Kurz vor ihrem 24. Geburtstag im Juli kommt der Anruf. „Ich komme mal direkt zum Punkt“, sagt die Stimme am anderen Ende der Leitung. Was sie über den Rat der Evangelischen Kirche in Deutschland (EKD) wisse, und ob sie für das Leitungsgremium kandidieren wolle. Die Göttinger Theologiestudentin Julia Schönbeck hat sich dafür entschieden und ist damit die jüngste Kandidierende bei den Wahlen, die am Dienstag die digital tagende Synode der EKD vom Morgen an über viele Stunden in Atem hält
Im Rat mitzuarbeiten, das heißt auch, die große Bühne zu betreten.
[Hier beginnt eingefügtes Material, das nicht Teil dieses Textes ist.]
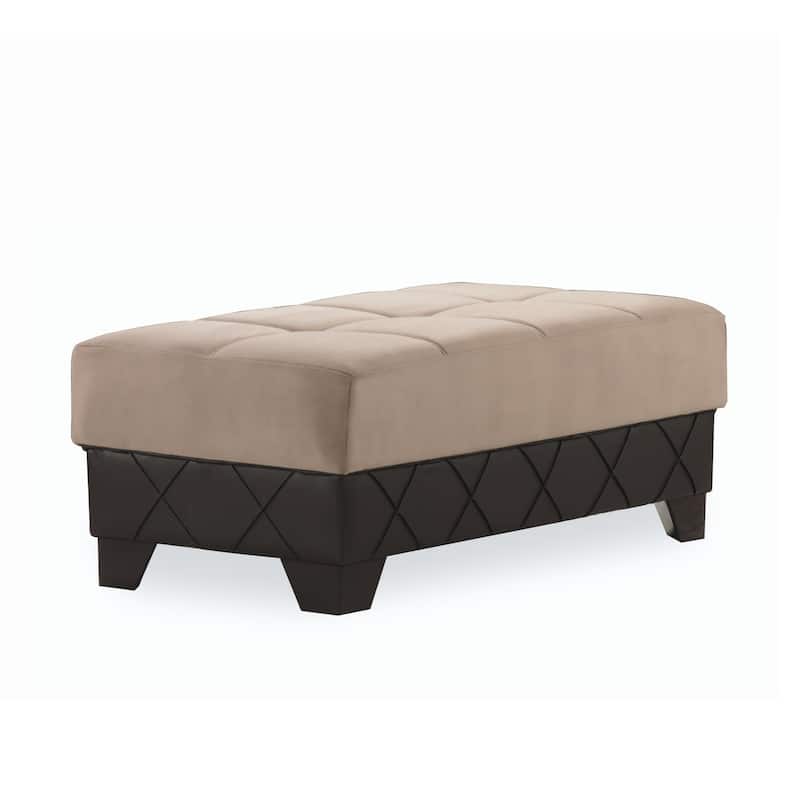 HomeRoots 48" Taupe and Espresso Faux Leather And Microfiber Tufted Storage Ottoman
Denn das Gremium ist der mit Abstand sichtbarste Leitungskreis der EKD, der über aktuelle Herausforderungen für Kirche und Gesellschaft berät und sich öffentlich zu Wort meldet. „Ich stehe nicht gerne auf Bühnen“, sagt Schönbeck am Sonntag bei ihrer Vorstellung im Bremer Tagungshotel. „Ich bin zu leise, zu schüchtern.“ Aber für die Sache wolle sie es tun, als leiser Mensch. „Aber ich muss auch nicht laut sein, um gehört zu werden.“
Ein Sitz für die nächsten sechs Jahre ist bereits der im Mai gewählten Präses der Synode, Anna-Nicole Heinrich, vorbehalten. Für die 14 verbliebenen Plätze stehen zehn Frauen und zwölf Männer zur Wahl, die in ihren Vorstellungen vielfach von großen Veränderungen sprechen, die auf die Kirche zukommt. Schönbeck ist ein Teil davon, schon, weil sie zu den jüngeren Kandidierenden gehört. Und ihre Themen sind Zukunftsthemen: In den sozialen Medien schreibt sie insbesondere über Inklusion und inklusive Kirche, das Eintreten gegen Diskriminierungen ist ihr ein zentrales Anliegen.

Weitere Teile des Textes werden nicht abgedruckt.